Independent testing has already shown how that plays out against Ford’s midsize performance entry. Coverage of how the 2024 Tacoma and Ranger Raptor stack up notes that Tacoma and Ranger Raptor comparisons keep circling back to torque, with the hybrid Tacoma beating the Ford on that metric and setting up quarter-mile drag races that are expected to rack up plenty of views. That same truck, in TRD Pro trim, pairs its hybrid system with serious suspension hardware, as seen in a Filmed drive of the 2024 Toyota Tacoma TRD Pro that highlights its 2.4-liter turbocharged four-cylinder iForce Max engine and an MSRP starting from $63900, blending real off-road capability with hybrid punch.

Where this leaves the Ford Raptor dynasty

None of this means the Raptor suddenly became irrelevant. The truck still sets the tone for high-speed desert running, and its hardware remains deeply impressive. A detailed Review Methodology of the current model points to a Four Wheel Drive layout, a sophisticated Drivetrain, and a Transmission tuned for aggressive off-road work, all of which keep the Raptor at the sharp end of the segment for buyers who live for whoops and jumps. Another deep dive into the truck’s evolution notes that Now for the latest model year, several updates promise increased rugged capability, and the section labeled What New and What We Think makes it clear that Simply put, the Raptor still delivers a wild, high-speed experience that few rivals can match.

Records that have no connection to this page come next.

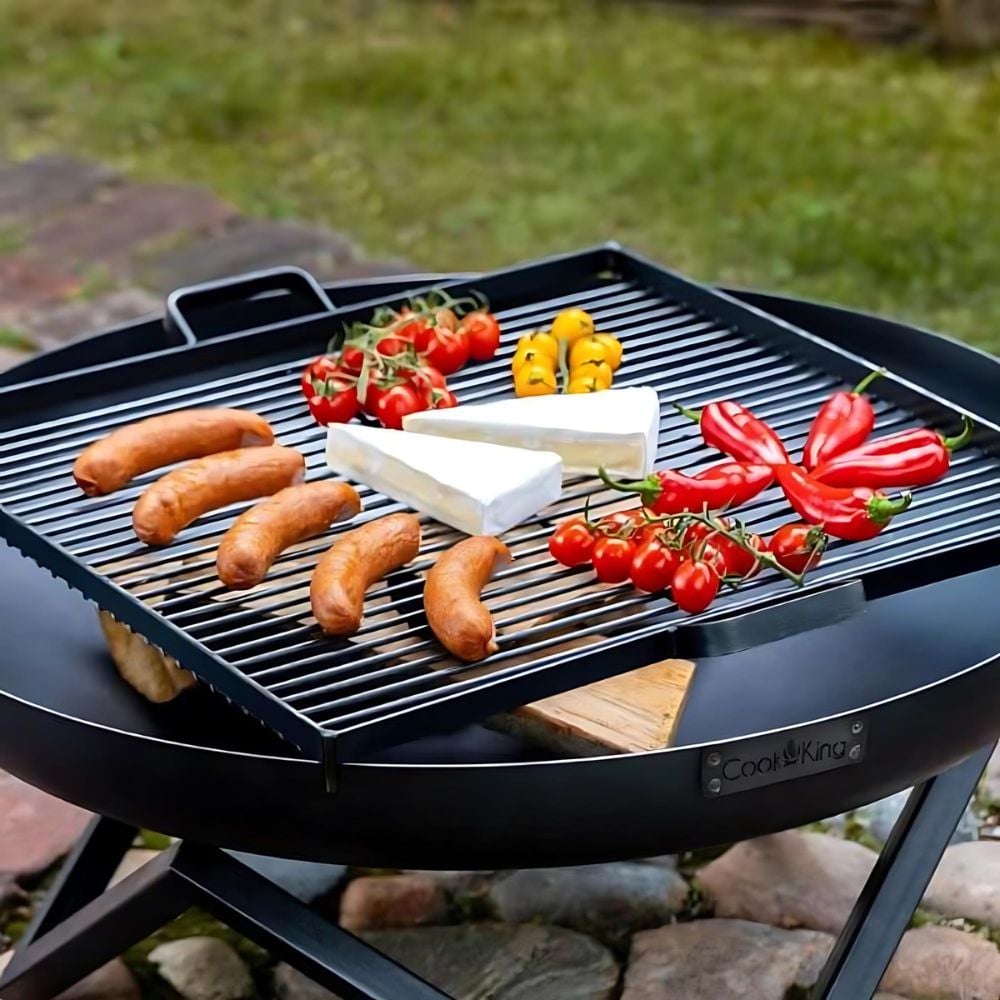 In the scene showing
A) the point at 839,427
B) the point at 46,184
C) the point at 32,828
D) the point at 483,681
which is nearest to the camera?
the point at 483,681

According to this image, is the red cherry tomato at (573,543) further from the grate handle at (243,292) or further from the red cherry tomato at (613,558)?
the grate handle at (243,292)

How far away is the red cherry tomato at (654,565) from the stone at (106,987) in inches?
46.2

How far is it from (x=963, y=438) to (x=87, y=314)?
3.27 metres

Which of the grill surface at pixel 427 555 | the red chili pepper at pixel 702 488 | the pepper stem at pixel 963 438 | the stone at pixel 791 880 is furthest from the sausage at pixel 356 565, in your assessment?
the stone at pixel 791 880

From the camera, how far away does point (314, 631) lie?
2.12 m

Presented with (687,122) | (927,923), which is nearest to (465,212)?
(687,122)

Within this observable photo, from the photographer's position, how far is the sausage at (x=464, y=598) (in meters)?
1.98

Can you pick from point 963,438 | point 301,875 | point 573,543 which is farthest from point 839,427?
point 301,875

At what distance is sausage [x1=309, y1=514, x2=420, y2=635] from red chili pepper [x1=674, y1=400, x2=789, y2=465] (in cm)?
51

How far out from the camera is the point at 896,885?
8.05 feet

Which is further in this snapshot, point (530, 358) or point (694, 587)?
point (530, 358)

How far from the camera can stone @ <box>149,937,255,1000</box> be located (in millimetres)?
2721

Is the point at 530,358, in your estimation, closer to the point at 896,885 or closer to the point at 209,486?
the point at 209,486

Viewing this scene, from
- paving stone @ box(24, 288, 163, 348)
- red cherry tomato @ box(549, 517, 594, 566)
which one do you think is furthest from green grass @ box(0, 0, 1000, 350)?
red cherry tomato @ box(549, 517, 594, 566) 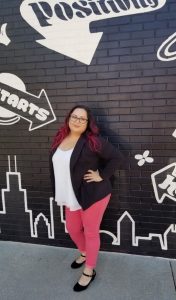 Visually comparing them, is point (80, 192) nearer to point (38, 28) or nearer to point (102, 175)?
point (102, 175)

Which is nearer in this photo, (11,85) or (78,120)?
(78,120)

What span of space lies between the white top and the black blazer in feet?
0.15

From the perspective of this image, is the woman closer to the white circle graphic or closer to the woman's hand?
the woman's hand

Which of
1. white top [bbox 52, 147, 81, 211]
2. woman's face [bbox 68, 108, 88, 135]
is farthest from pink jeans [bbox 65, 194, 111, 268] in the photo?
woman's face [bbox 68, 108, 88, 135]

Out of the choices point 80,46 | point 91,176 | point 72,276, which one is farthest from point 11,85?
point 72,276

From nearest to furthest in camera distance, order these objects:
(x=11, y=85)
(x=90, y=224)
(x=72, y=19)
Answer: (x=90, y=224) → (x=72, y=19) → (x=11, y=85)

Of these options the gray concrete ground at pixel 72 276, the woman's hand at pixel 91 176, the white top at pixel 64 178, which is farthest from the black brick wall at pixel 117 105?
the white top at pixel 64 178

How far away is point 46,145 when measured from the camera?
335 cm

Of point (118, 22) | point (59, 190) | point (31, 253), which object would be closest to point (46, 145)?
point (59, 190)

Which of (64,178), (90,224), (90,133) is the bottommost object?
(90,224)

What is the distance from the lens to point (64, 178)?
2.72m

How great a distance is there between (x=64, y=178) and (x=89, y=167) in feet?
0.81

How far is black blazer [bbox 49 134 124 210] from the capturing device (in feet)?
8.70

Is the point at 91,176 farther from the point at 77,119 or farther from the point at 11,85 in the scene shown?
the point at 11,85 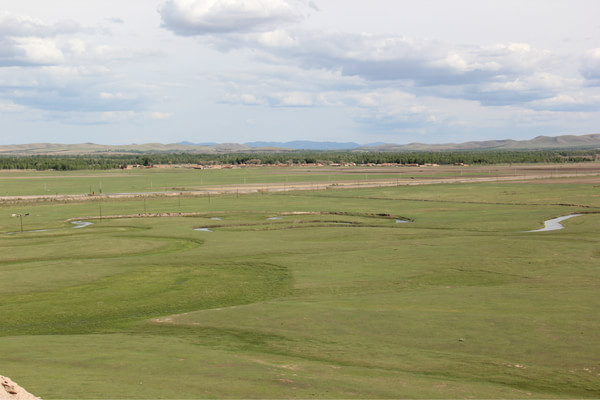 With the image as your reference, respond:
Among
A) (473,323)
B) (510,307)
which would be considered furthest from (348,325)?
(510,307)

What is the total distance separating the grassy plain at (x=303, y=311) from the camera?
19.5 metres

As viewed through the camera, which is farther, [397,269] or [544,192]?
[544,192]

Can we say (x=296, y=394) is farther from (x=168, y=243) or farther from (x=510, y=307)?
(x=168, y=243)

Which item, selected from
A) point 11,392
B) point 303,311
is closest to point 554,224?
point 303,311

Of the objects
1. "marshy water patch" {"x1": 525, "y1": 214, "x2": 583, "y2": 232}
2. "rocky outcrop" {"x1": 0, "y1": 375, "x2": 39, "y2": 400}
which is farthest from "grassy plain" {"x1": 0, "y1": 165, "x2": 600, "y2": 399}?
"rocky outcrop" {"x1": 0, "y1": 375, "x2": 39, "y2": 400}

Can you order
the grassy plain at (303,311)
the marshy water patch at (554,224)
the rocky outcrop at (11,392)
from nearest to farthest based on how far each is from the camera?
the rocky outcrop at (11,392) → the grassy plain at (303,311) → the marshy water patch at (554,224)

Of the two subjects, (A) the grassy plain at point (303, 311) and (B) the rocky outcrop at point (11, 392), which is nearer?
(B) the rocky outcrop at point (11, 392)

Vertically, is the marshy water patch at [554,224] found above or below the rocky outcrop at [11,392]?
below

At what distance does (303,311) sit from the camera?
1150 inches

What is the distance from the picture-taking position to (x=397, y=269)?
130ft

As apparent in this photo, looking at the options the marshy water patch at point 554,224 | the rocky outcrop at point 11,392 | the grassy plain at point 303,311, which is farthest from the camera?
the marshy water patch at point 554,224

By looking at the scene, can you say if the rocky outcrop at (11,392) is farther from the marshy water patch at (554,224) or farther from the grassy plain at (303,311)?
the marshy water patch at (554,224)

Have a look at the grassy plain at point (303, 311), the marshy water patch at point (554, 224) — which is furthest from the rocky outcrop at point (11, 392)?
the marshy water patch at point (554, 224)

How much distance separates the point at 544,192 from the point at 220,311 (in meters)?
90.2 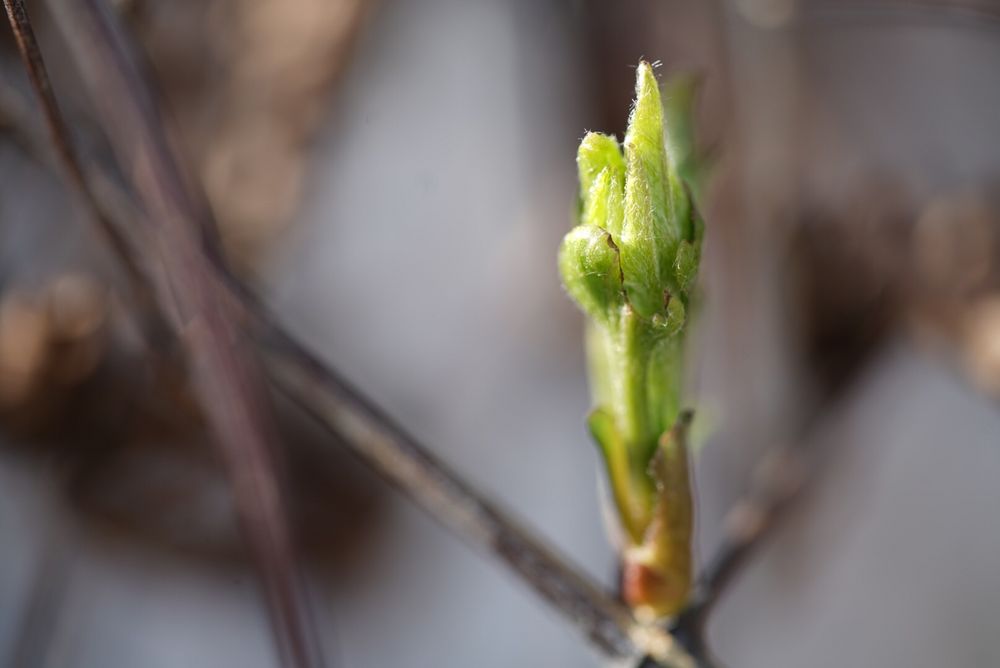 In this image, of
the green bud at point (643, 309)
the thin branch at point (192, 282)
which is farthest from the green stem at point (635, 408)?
the thin branch at point (192, 282)

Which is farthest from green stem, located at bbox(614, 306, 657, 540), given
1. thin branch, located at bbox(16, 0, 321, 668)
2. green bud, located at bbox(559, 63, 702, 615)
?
thin branch, located at bbox(16, 0, 321, 668)

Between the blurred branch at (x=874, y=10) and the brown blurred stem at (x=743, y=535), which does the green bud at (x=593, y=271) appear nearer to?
the brown blurred stem at (x=743, y=535)

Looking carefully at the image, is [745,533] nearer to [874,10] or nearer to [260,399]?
[260,399]

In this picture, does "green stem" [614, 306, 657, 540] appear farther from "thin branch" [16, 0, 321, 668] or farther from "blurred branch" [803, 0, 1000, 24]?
"blurred branch" [803, 0, 1000, 24]

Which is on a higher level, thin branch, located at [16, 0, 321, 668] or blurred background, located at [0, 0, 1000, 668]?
thin branch, located at [16, 0, 321, 668]

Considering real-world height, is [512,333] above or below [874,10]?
below

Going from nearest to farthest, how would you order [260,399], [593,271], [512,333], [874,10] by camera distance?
[593,271], [260,399], [874,10], [512,333]

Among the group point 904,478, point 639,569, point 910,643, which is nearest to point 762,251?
point 904,478

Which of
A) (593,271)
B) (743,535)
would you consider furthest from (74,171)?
(743,535) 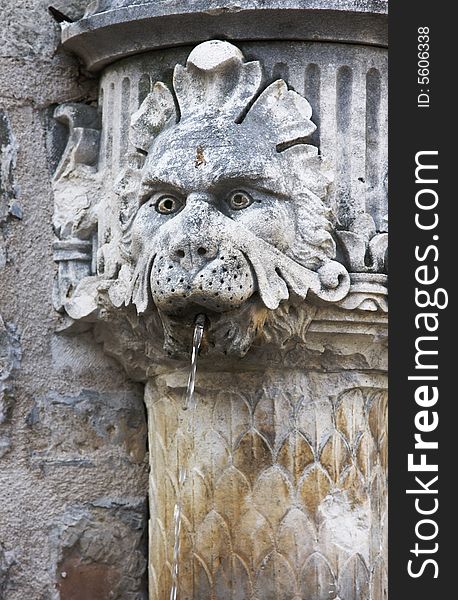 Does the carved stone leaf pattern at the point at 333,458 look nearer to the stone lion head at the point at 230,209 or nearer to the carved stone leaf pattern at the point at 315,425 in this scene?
the carved stone leaf pattern at the point at 315,425

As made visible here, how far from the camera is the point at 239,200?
10.2ft

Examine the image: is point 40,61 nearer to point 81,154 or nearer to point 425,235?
point 81,154

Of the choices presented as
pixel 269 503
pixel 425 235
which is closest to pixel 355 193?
pixel 425 235

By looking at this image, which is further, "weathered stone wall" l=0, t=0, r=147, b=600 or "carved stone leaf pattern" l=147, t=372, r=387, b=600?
"weathered stone wall" l=0, t=0, r=147, b=600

Where Toyota is gaining ground is in how it blends that kind of capability with everyday usability and hybrid efficiency. Earlier comparisons between the Tundra TRD Pro and the F-150 Raptor pointed out that the Tundra TRD Pro served as the basis for the Desert Chase Tundra concept, with Mar coverage describing how Working from the all-new Tundra TRD Pro, the Desert Chase Tundra featured an aggressive wide body frame and several visual upgrades that signaled Toyota’s intent to play in the same sandbox as Ford. A later head-to-head between the two brands’ off-road flagships underscored that the Raptor uses Ford’s high-output 3.5-liter EcoBoost V-6 to produce 450 hp and 510 lb-ft, while the hybrid Toyota counters with its own twin-turbocharged sixes and electric assistance to smooth out power delivery at the least opportune times.